Immediately following Eastern Washington’s 40-38 loss to Youngstown State in the FCS playoff semifinals, coach Beau Baldwin told his players that one play would not define their season, that whether or not Hunter Wells’ winning touchdown pass with 1 second left was complete or not could not change all they accomplished in 2016.
He spoke of the lasting legacy the senior class would leave, and said that the only reason to be sorry about the loss in Saturday’s Battle of Beau vs. Bo was that it means the team will not have three more weeks together.
He is correct on those counts, of course. They all have much to be proud of.
But these Eagles have also earned the right to be graded on a different curve, and the 2016 senior class that is probably the best in school history missed its chance to graduate as the most accomplished.
These seniors gave the Eagles unparalleled sustained excellence, yet their careers are bookended by seasons that ended with blown leads in the semifinals.
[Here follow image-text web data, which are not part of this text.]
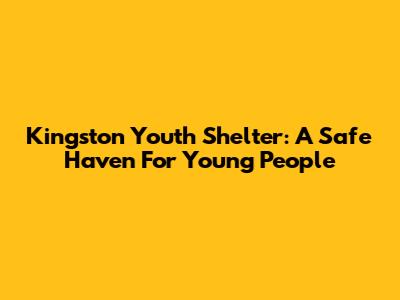 Kingston Youth Shelter: A Safe Haven For Young People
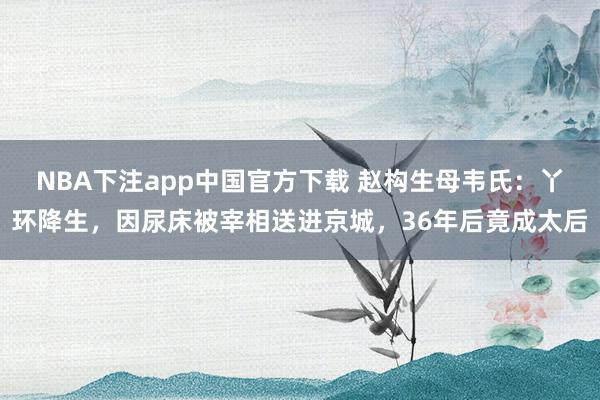 NBA下注app中国官方下载 赵构生母韦氏:丫环降生,因尿床被宰相送进京城,36年后竟成太后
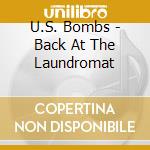 U.S. Bombs - Back At The Laundromat cd musicale di U.S. Bombs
Eight of EWU’s 12 seniors played in the 2013 semifinal loss to Towson that saw the Eagles give away a 10-point lead in the game’s final five minutes.
There is no doubt that wide receiver Cooper Kupp will get his wish for his teammates to remember him as “a good teammate, a good man, a guy my teammates trusted, as someone who gave his all for his team.”
Fans will remember him as the most prolific receiver in the history of college football, someone for whom double- and triple-coverage simply referred to the number of defensive backs who would be trailing behind as Kupp made another spectacular play look routine.
But although Kupp was excellent in the semifinal as a freshman (eight catches, 124 yards) and again as a senior (10, 180 and two scores), there is still an empty spot in the trophy case alongside the 2010 national championship even he couldn’t fill.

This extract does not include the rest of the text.